All of a sudden, I want to add 'e' to everything. My beautiful Eutopia in Europe. Ebejing, Eangeles, Edetroit, Eparis and so on. "Buddy you can't do that in Epoli".
Good job. eamen.
*I grew up in a 8 story city and i agree with Mr. Sorkin with first hand experience, 5-6 stories would have been better, when things were more manegable and street fights were more about personal conflicts, instead of depletion rights.
by the way, the montages were created by me and have no relationship to michael sorkin...they are simply my interpretation of some of the points in the article. I say this, because I think they are actually distracting some readers from sorkin's larger ideas which to me are not just about the corporate logos and imaginery I have refashioned here to support "David's" brilliant article....
montages themselves are another layer on the subject. to the point (well reduced) illustrations of our products and their delivery. works well with both david's article and what sorkin tells at the UN.
graph from the book. eh.
Most of the Michael Sorkin Studio practice is built upon the genius of other hard working and skilled professionals.

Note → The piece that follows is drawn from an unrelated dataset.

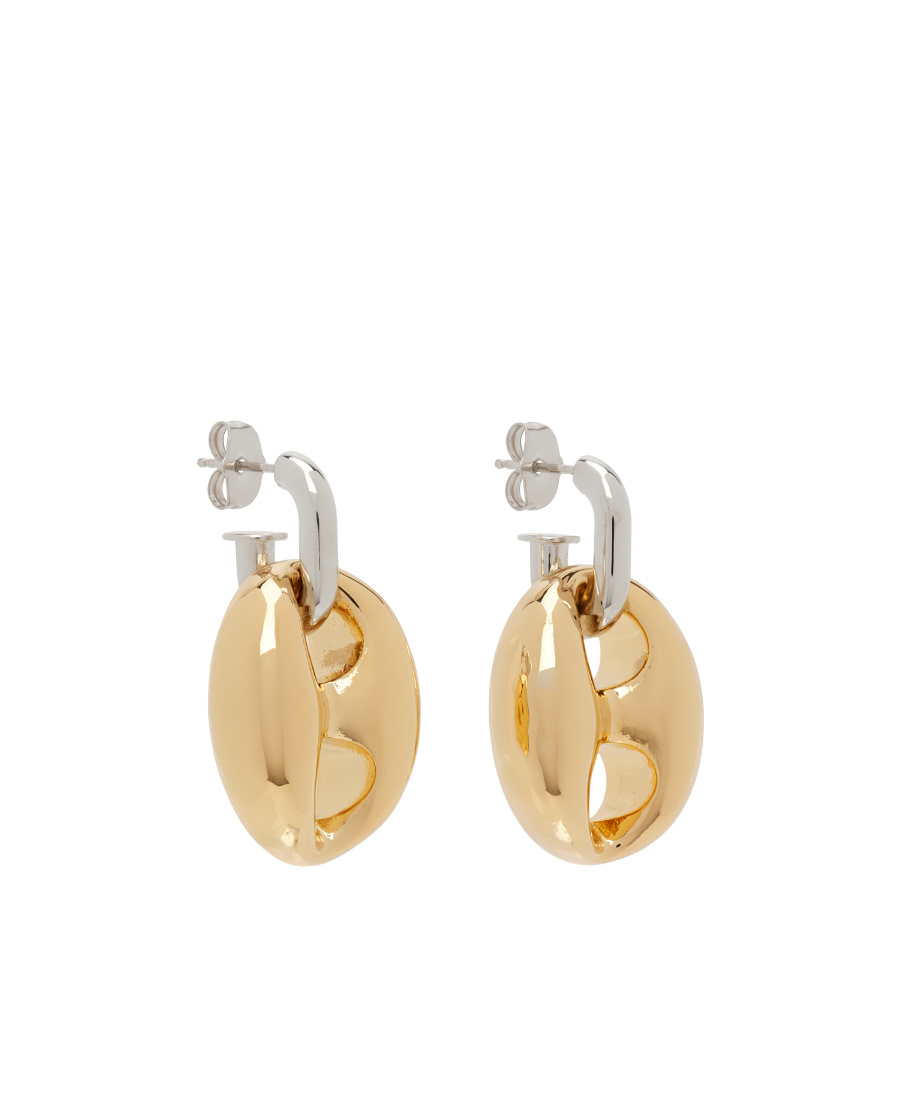 Rabanne Eight Chunky Earrings In Yellow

FACT:Sorkin is not an architect; he has not completed formal training as an architect; and has certainly never worked in a master architect’s office.
Typically his studio exploits young designers by acquiring drawings completed “in-house” at drastically reduced rates from naïve individuals. Sorkin blatantly steals intellectual property.
Note to Sorkin: If you cannot play the music yourself stop writing about it-- YOU ARE A FAKE or worse, just a critic.